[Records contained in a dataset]
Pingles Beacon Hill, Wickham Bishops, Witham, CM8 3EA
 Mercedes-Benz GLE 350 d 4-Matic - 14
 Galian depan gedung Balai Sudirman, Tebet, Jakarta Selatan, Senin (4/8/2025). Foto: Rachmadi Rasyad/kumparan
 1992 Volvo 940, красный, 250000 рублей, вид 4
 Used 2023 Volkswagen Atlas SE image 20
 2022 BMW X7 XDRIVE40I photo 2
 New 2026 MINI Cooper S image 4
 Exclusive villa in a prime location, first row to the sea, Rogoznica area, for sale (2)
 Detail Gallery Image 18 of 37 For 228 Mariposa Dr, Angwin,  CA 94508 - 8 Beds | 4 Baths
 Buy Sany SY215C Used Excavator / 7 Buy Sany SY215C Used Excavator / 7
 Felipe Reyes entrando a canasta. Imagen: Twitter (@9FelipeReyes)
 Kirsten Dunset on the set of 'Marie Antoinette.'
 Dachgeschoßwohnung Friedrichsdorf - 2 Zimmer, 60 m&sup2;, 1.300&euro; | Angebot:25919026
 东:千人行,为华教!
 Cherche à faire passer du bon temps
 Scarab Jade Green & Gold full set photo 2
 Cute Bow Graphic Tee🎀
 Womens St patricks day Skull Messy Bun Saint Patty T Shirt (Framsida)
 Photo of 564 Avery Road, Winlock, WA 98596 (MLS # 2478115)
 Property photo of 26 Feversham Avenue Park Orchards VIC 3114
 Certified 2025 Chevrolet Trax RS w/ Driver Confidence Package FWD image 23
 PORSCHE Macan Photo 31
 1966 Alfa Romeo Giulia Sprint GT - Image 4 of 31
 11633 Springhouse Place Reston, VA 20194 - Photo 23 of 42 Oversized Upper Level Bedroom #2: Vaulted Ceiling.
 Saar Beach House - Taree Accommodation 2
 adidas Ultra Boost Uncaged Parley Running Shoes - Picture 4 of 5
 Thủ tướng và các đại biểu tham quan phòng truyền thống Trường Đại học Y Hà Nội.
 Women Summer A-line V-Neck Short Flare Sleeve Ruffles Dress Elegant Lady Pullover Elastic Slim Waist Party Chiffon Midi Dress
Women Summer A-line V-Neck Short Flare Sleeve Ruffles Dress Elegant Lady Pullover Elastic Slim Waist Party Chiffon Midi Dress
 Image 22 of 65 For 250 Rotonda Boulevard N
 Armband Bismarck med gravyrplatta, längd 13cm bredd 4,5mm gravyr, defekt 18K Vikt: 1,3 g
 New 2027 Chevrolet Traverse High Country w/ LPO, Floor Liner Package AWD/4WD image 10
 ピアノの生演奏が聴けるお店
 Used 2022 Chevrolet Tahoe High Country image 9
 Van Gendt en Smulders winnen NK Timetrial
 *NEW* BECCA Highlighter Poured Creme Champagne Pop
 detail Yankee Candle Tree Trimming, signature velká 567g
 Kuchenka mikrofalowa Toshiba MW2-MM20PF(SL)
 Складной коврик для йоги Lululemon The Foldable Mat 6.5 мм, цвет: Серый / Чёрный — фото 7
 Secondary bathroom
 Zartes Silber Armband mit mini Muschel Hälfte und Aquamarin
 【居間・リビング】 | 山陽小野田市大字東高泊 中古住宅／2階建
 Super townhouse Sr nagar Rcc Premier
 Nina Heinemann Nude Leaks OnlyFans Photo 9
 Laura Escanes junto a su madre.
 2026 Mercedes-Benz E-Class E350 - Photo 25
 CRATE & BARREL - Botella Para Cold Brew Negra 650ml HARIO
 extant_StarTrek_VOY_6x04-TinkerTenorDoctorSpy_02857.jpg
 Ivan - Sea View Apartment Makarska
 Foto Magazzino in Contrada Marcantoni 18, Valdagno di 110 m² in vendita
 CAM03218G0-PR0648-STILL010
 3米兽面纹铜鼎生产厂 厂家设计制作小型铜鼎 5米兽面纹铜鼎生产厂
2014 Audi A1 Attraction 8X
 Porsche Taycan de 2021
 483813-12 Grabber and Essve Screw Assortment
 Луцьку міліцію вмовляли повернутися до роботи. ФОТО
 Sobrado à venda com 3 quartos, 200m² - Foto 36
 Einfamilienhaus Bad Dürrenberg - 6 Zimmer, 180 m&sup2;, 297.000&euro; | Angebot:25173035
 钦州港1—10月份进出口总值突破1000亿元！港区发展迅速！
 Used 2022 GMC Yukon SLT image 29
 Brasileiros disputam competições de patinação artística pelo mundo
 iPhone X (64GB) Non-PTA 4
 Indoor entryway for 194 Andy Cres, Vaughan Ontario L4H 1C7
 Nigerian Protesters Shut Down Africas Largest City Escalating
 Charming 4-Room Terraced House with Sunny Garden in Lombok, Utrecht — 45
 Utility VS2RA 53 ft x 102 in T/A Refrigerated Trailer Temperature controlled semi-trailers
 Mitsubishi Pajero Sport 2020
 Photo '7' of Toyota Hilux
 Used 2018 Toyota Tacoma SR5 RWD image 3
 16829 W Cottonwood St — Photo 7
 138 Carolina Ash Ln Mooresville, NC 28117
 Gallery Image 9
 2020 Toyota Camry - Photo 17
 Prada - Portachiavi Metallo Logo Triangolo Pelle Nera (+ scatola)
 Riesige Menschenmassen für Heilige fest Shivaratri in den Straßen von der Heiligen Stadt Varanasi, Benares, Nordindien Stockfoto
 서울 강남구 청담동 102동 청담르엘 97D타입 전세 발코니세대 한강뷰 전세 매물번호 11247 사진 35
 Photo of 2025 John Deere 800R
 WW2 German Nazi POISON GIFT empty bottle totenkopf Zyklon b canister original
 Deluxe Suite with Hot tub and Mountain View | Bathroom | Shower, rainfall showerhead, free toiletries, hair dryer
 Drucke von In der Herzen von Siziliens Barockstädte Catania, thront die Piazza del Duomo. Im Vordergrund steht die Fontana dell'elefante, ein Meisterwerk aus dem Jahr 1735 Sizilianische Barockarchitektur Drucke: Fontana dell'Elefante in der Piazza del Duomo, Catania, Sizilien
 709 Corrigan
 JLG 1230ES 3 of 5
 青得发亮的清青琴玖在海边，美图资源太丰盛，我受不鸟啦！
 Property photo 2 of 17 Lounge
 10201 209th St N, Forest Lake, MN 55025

» BRIEF: Could you restate word for word the lines above from the one containing "Laura Escanes junto a su madre." through the one containing "Foto Magazzino in", both included, and nothing else?

» ANSWER SPACE:
 Laura Escanes junto a su madre.
 2026 Mercedes-Benz E-Class E350 - Photo 25
 CRATE & BARREL - Botella Para Cold Brew Negra 650ml HARIO
 extant_StarTrek_VOY_6x04-TinkerTenorDoctorSpy_02857.jpg
 Ivan - Sea View Apartment Makarska
 Foto Magazzino in Contrada Marcantoni 18, Valdagno di 110 m² in vendita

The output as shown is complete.